A l'occasion du réexamen du projet de "rue aux écoles" Monceau demandé par les Architectes des Bâtiments de France, un nouvel équilibre peut être trouvé pour mieux conjuguer l'indispensable sécurité des enfants et la vitalité souhaitable des commerces alentours : sans aller jusqu'à retirer les barrières amovibles, à l'instar de certaines "rues aux écoles" parisiennes où d'importants besoins en livraison empêchent la fermeture de la voie piétonne, nous pourrions étudier l'option de l'ouverture des barrières amovibles en dehors des horaires d'entrée et de sortie des élèves de l'école Fénelon, comme je l'ai demandé à David BELLIARD, Adjoint à la Maire de Paris "en charge de la transformation de l’espace public, des transports, des mobilités, du code de la rue et de la voirie".

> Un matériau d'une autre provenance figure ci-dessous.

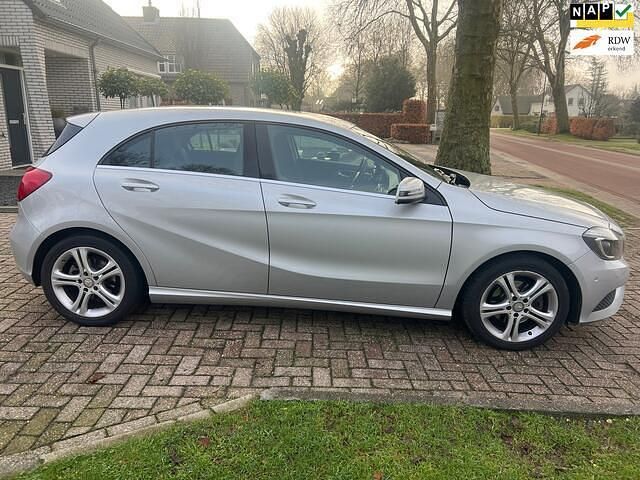 Grijs Gebruikt 2015 Mercedes A200 Prestige Hatchback | € 12.950 (Goede deal) - Afbeelding 1/4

MISE A JOUR EN DATE DU 16/09/2024 > dans sa réponse en date du 9 août 2024, M. BELLIARD est partiel et partial. ll évacue la problématique du dynamisme commercial pour mieux ne défendre que le principe consensuel de l'aménagement d'une "rue aux écoles". Ce faisant, il ne joue pas son rôle d'élu qui devrait à la recherche d'un équilibre au plus près de l'intérêt général, lequel n'est pas la somme des intérêts particuliers mais en tient toutefois compte...

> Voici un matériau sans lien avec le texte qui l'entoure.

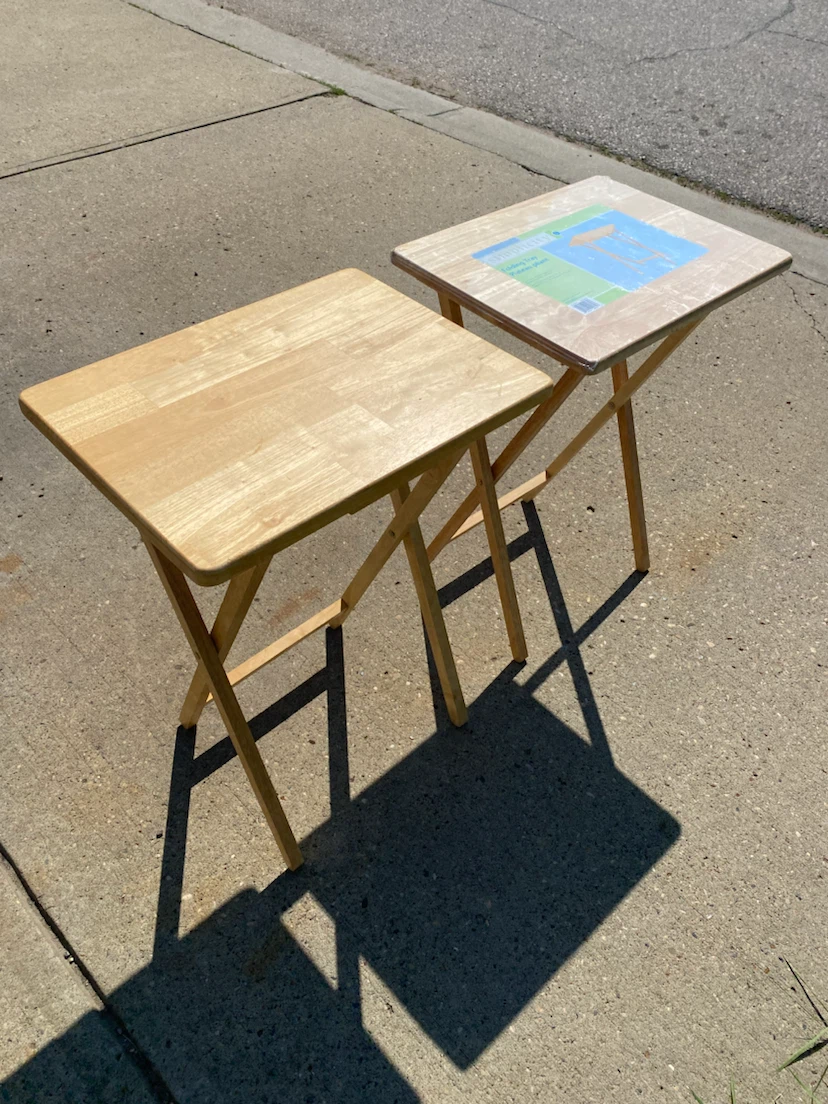 Simplicity Folding Tray Table Set ***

Prévenir les usages indésirables sur la nouvelle place Saint-Augustin
Le chantier du réaménagement de la place Saint-Augustin en cours d'achèvement consiste en la création d'un parvis devant l'église éponyme et la végétalisation de l'espace public sur les abords de l'édifice. Or, certains riverains appréhendent que la création de ces nouvelles superficies d'espace public dédiées aux piétons n'encourage des usages indésirables générateurs de nuisances sonores diurnes et nocturnes, à commencer par la pratique du football ou du skateboard et les attroupements bruyants.
Afin de prévenir ces usages indésirables consécutifs au réaménagement de la place Saint-Augustin, j'ai proposé dès juin 2023 d'étudier l'installation et le financement de jardinières esthétiques et de qualité, de préférence "jardinière Cribier" ou "bac orangerie" (pour en savoir plus, voir la nomenclature dans Le Manifeste pour la beauté de la Ville de Paris), dont la disposition sur le nouveau parvis et les abords de l'église Saint-Augustin sera de nature à dissuader, voire empêcher, ces usages indésirables redoutés.
Sécuriser la piste cyclable du boulevard des Batignolles
Si le boulevard des Batignolles relève de la compétence administrative des services de la voirie du 17e arrondissement, les élus du 8e arrondissement ont leur mot à dire sur le tracé de la piste cyclable sur le terre-plein central du boulevard des Batignolles mitoyen des 17e et 8e arrondissements, lequel est source de confusion et accidentogène pour les piétons comme les cyclistes.
Il faut donc le clarifier et le sécuriser dans les meilleurs délais, en s'appuyant "politiquement" sur le "Code de la rue", adopté le 6 juillet 2023, qui prévoit de supprimer les pistes cyclables sur les trottoirs. Je défends ce projet de longue date, en Conseil du 8e arrondissement comme auprès des Adjoints à la Maire de Paris compétents.